Sexual harassment in private businesses, government agencies, and labor organizations are prohibited by California and federal laws. Each incident of sexual harassment is different, and there are two main categories into which most cases fall — “quid pro quo” cases and “hostile work environment” cases.
If a supervisor portrays unwanted sexual behavior towards an employee, they may have committed “hostile work environment” sexual harassment. Although similar to “quid pro quo” sexual harassment, where a direct supervisor seeks sexual favors in return for something within the supervisor's powers, hostile work environment sexual harassment is slightly distinct.

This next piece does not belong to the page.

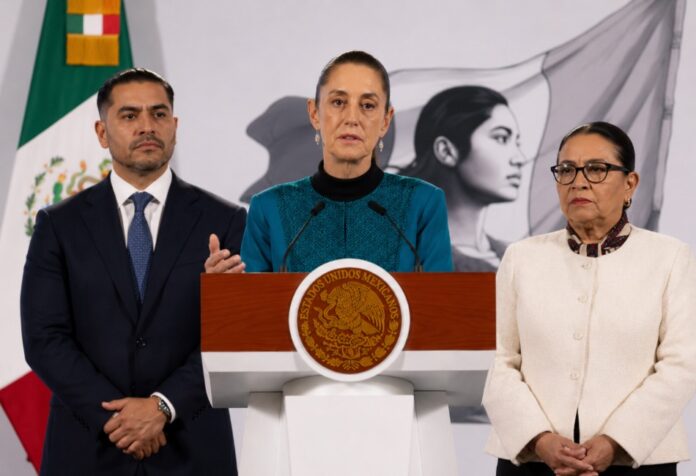 Sheinbaum exige aclaraciones Claudia Sheinbaum, Rosa Icela Rodríguez y Omar García Harfuch durante la conferencia matutina en la que el Gobierno de México anunció nuevas gestiones para esclarecer la posible participación del FBI en el traslado de Ismael “El Mayo” Zambada.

Non-Sexual Hostile Work Environment
Non-Sexual hostile work environment harassment occurs when unwelcome comments or conduct based on sex, race or other legally protected characteristics unreasonably interferes with an employee's work performance or creates an intimidating, hostile or offensive work environment. The victim can be anyone affected by the conduct, not just the individual at whom the offensive conduct is directed towards.
Some examples include:
- Expressing negative stereotypes regarding an employee's birthplace or ancestry
- Using racially derogatory words, phrases, epithets
- Comments about an individual's skin color or other racial/ethnic characteristics
- Using gestures, pictures or drawings which would offend a particular racial or ethnic group
- Making disparaging remarks about an individual's gender that are not sexual in nature
- Making negative comments about an employee's religious beliefs (or lack of religious beliefs)
What is needed to show a hostile work environment?
There is no universal standard as to what constitutes a hostile environment.. The standard of finding the employer liable is very high and the plaintiff must show that the employer was actually aware of the behavior, or should have been aware of it under reasonable circumstances.
The critical question in hostile work environment cases is the severity and pervasiveness of the unwelcome sexual conduct. To determine whether the behavior is sufficiently severe or pervasive, the court will look at:
- The severity of the actions
- The frequency of the actions
- The timing or context of the conduct to determine whether the behavior is sufficiently severe or pervasive
Moreover, a claim of harassment generally requires several elements, including:
- The complaining party must be a member of a statutorily protected class;
- The complaining party must have been subjected to unwelcome verbal or physical conduct related to his or her membership in that protected class;
- The unwelcome conduct complained of must have been based on his or her membership in that protected class;
- The unwelcome conduct affected a term or condition of employment and/or had the purpose or effect of unreasonably interfering with his or her work performance and/or creating an intimidating, hostile or offensive work environment.
What should you do if you work in a hostile work environment?
You should first consult your employer's sexual harassment and racial discrimination policies, if you feel you are subject to workplace harassment or discrimination due to a hostile work environment. This usually means working through your supervisor or human resources department to take the appropriate actions.
Proving sexual harassment can be challenging, but with the right legal team, it can be done. Take the first step to protecting yourself and stopping this hurtful and illegal behavior. Take advantage of a free initial consultation to discuss your specific case by calling the toll free number (888) 500-8469 or clicking here to contact us regarding your case.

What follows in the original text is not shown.